D. The Commission shall allow any natural gas utility that
implements a conservation and ratemaking efficiency plan under this chapter to
recover, on a timely basis and through its regulated rates charged to its
classes of customers participating in the plan, its entire incremental costs
associated with cost-effective conservation and energy efficiency programs that
are designed to encourage the reduction of annualized, weather-normalized
natural gas energy consumption per customer. Ratemaking treatment
may include placing appropriate capital expenditures for technology and program
costs in the respective utility's rate base, deferral of such interim
incremental costs (which costs would not be subject to an earnings test), or
recovering the utility's technology and program costs through another
ratemaking methodology approved by the Commission, such as a tracking
mechanism. Such conservation and energy efficiency programs may also be jointly
conducted or co-sponsored with other utilities, federal, state or local
government agencies, nonprofit organizations, trade associations, homebuilders,
and other for-profit vendors. Incremental costs recovered pursuant to this
subsection shall be in addition to all other costs that the utility is permitted
to recover, shall not be considered an offset to other Commission-approved
costs of service or revenue requirements, and shall not be included in any
computation relative to a performance-based regulation plan revenue sharing
mechanism.
E. The Commission shall require every natural gas utility
operating under a conservation and ratemaking efficiency plan approved pursuant
to this chapter to file annual reports showing the year over year
weather-normalized use of natural gas energy on an average
customer basis, by customer class, as well as the incremental, independently
verified net economic benefits created by the utility's cost-effective
conservation and energy-efficiency programs during the previous year.

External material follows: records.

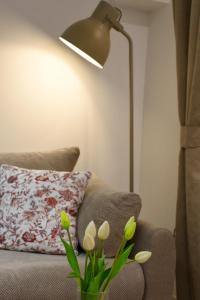 Apartment Anna - FREE Pickup from OR Dropoff to Zagreb airport AT ANY TIME, please give three days advance notice - Long-term parking with airport transport possibility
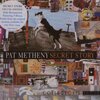 「Secret Story [deluxe edition]」Pat Metheny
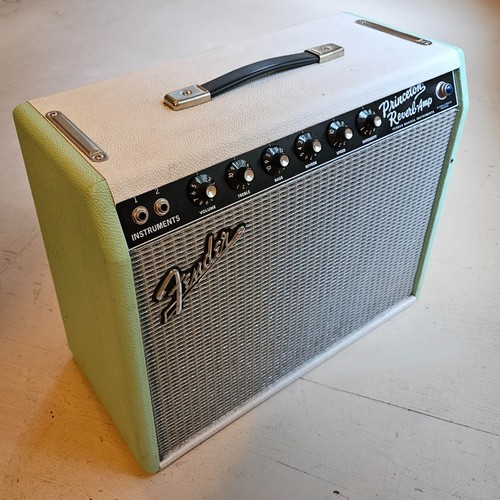 Limited edition 15w fender - edition,,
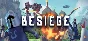 Besiege (Steam Gift RU)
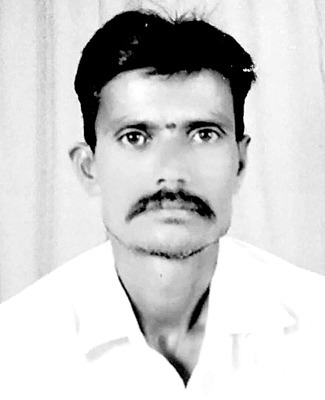 విజయవాడ సిటీ9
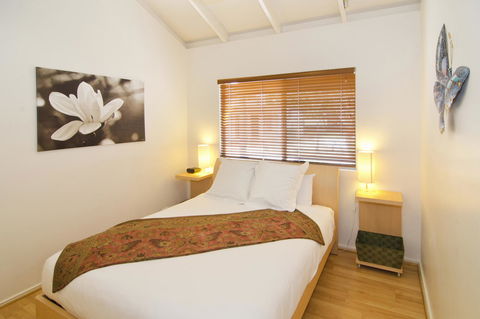 Bay Village Resort Dunsborough - Tourism Noosa 37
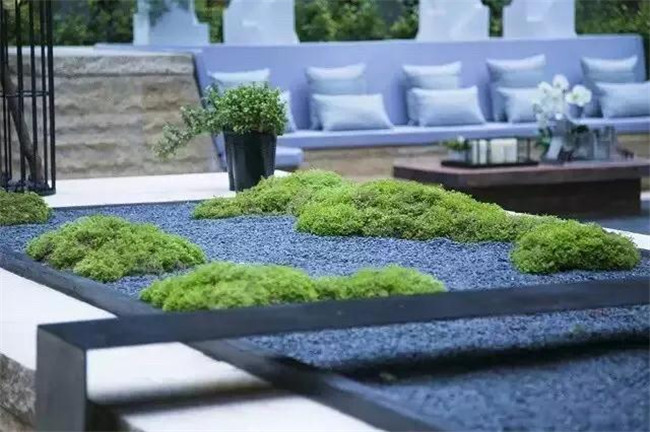 洛阳百乐博集团-国宝.红瞰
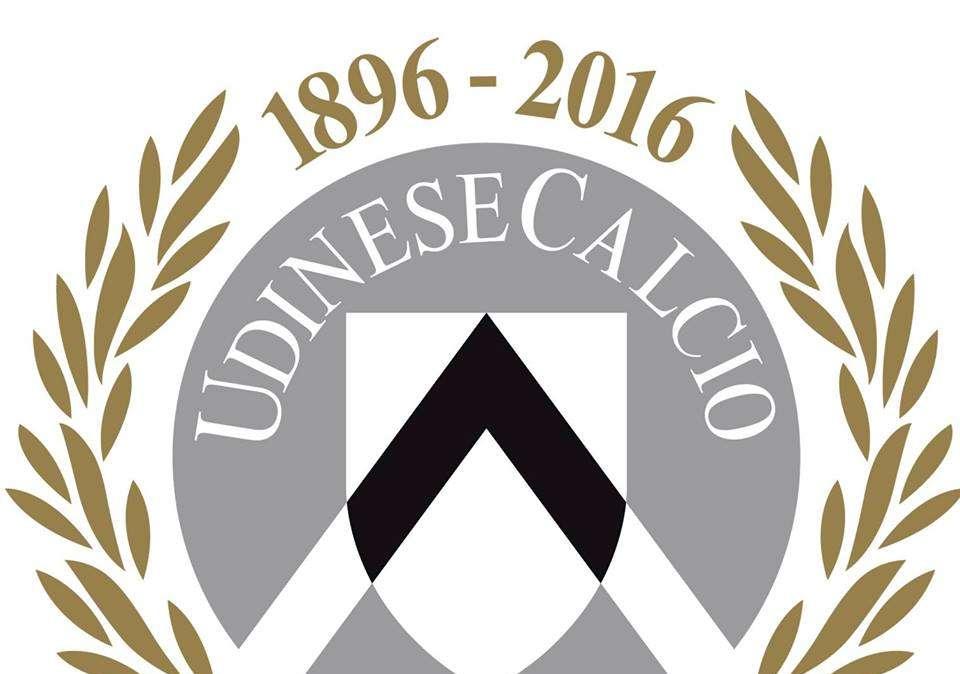Buon compleanno Udinese! 120 anni di noi! Tanti auguri dai tuoi tifosi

F. The Commission shall grant recovery, on an annual basis, of a performance-based incentive for delivering conservation and energy efficiency benefits, which shall be included in the utility's respective purchased gas adjustment mechanism. The incentive shall be calculated as a reasonable share of the verified net economic benefits created by the utility's cost-effective conservation and energy efficiency programs, and may be recovered over a period of years equal to the payback period or discounted to net present value and recovered in the first year. In structuring this incentive, the Commission shall create a reasonable opportunity for a utility to earn up to a 15 percent share of such independently verified net economic benefits upon meeting target levels of such benefits set forth in a plan approved by the Commission. The level of net economic benefits to be used as the basis for such calculation shall be the sum of customer savings less utility costs recovered through subsection D, measured over the number of years of the payback period, rounded up to the next highest year. The incentives authorized by this subsection shall be in addition to any other revenue requirements or rates established pursuant to §56-235.2 or 56-235.6 and independent of any computation of shared revenues under an approved performance-based regulation plan.

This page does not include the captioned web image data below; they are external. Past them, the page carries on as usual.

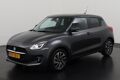 Suzuki Swift 1.2 Style Smart Hybrid Automaat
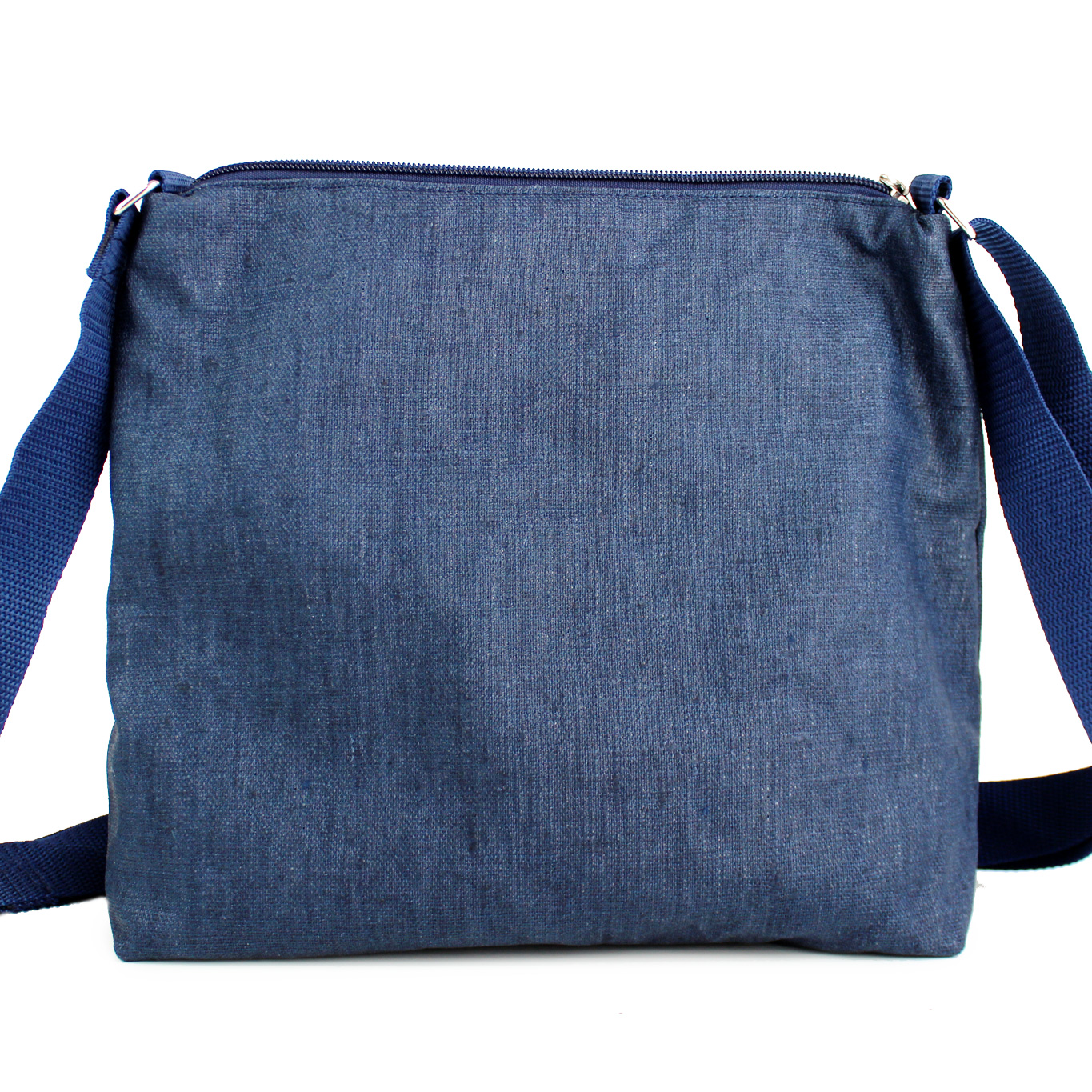 Handtasche DOROTHEE
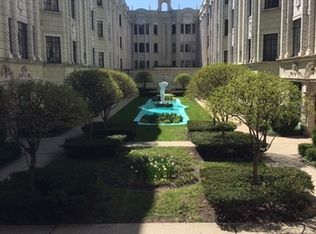 7344 N Ridge Blvd APT 5A, Chicago, IL 60645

G. Unless the context clearly indicates otherwise, nothing in this chapter shall impair the Commission's authority under §56-234.2, 56-235.2, or 56-235.6; provided, however, that notwithstanding any other provision of law, the Commission shall not reduce an authorized return on common equity or other measure of utility profit as a result of the implementation of a natural gas conservation and ratemaking efficiency plan pursuant to this chapter.
§56-603. Definitions.
As used in this chapter:
"Commission" means the State Corporation Commission.
"Eligible infrastructure replacement" means natural gas utility facility replacement projects that: (i) enhance safety or reliability by reducing system integrity risks associated with customer outages, corrosion, equipment failures, material failures, or natural forces; (ii) do not increase revenues by directly connecting the infrastructure replacement to new customers; (iii) reduce or have the potential to reduce greenhouse gas emissions; (iv) are commenced on or after January 1, 2010; and (v) are not included in the natural gas utility's rate base in its most recent rate case using the cost of service methodology set forth in §56-235.2, or the natural gas utility's rate base included in the rate base schedules filed with a performance-based regulation plan authorized by §56-235.6, if the plan did not include the rate base. "Eligible infrastructure replacement" includes natural gas utility facility replacement projects that are identified as a result of an enhanced leak detection and repair program.

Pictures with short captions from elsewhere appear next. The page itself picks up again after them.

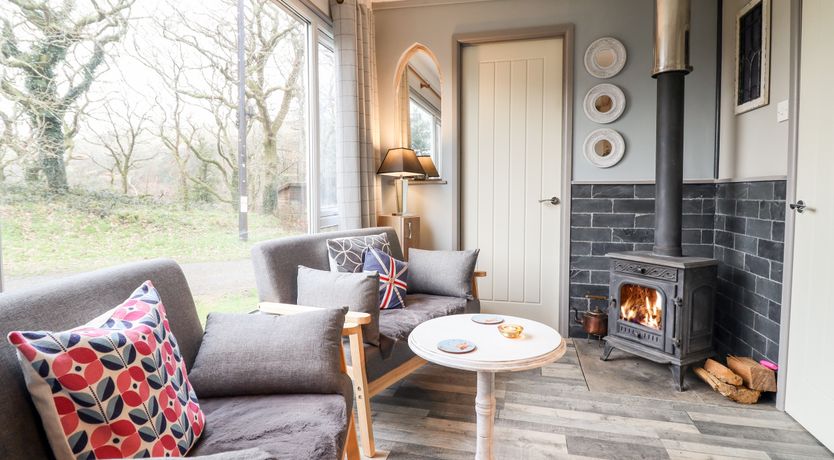 Photo of Chalet Forte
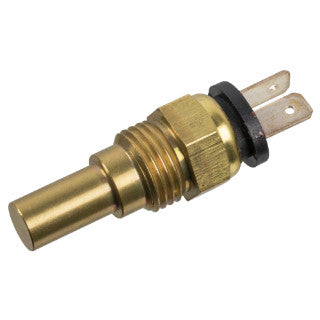Coolant Temperature Sensor-9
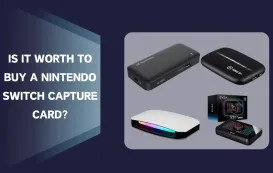 IsitworthtobuyaNintendoswitchcapturecard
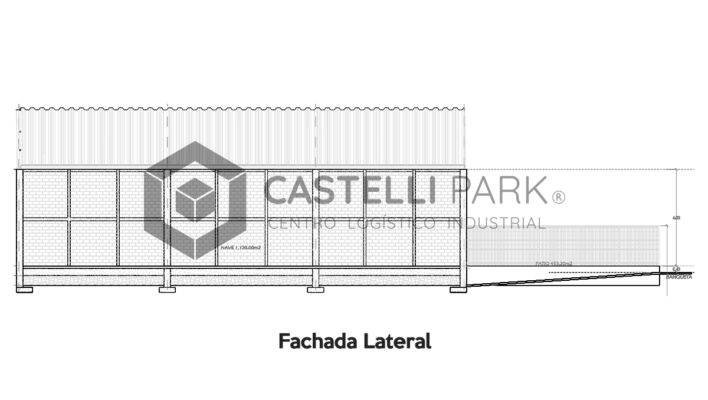 img Nave 46 05 | Castelli Park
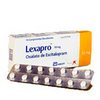 canadian-pharmacy-stock-Lexapro canadian-pharmacy-stock-Lexapro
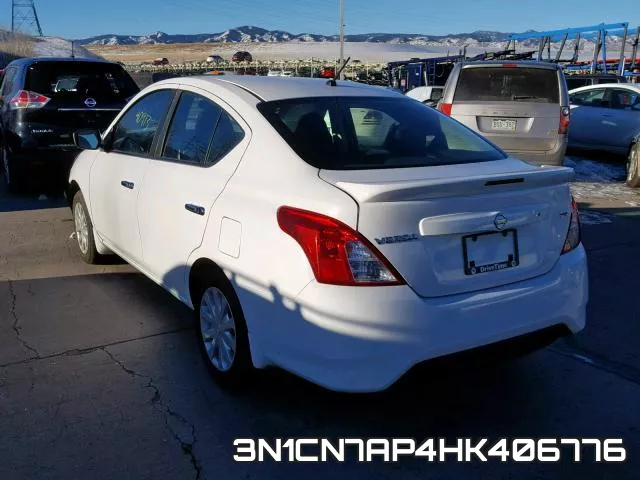 3N1CN7AP4HK406776_3.webp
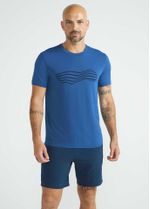 camiseta_masculina_thermodry_zig_luar_001_TF010923_2469.jpg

"Eligible infrastructure replacement costs" includes the following:
1. Return on the investment. In calculating the return on the investment, the Commission shall use the natural gas utility's regulatory capital structure as calculated utilizing the weighted average cost of capital, including the cost of debt and the cost of equity used in determining the natural gas utility's base rates in effect during the construction period of the eligible infrastructure replacement project. If the natural gas utility's cost of capital underlying the base rates in effect at the time its proposed SAVE plan is filed has not been changed by order of the Commission within the preceding five years, the Commission may require the natural gas utility to file an updated weighted average cost of capital, and the natural gas utility may propose an updated weighted average cost of capital. The natural gas utility may recover the external costs associated with establishing its updated weighted average cost of capital through the SAVE rider. Such external costs shall include legal costs and consultant costs;
2. A revenue conversion factor, including income taxes and an allowance for bad debt expense, shall be applied to the required operating income resulting from the eligible infrastructure replacement costs;
3. Depreciation. In calculating depreciation, the Commission shall use the natural gas utility's current depreciation rates;
4. Property taxes; and
5. Carrying costs on the over- or under-recovery of the eligible infrastructure replacement costs. In calculating the carrying costs, the Commission shall use the natural gas utility's regulatory capital structure as determined in subdivision 1 of the definition of eligible infrastructure replacement costs; and
6. Enhanced leak detection and repair program costs. Such costs shall include the costs of operating an enhanced leak detection and repair program.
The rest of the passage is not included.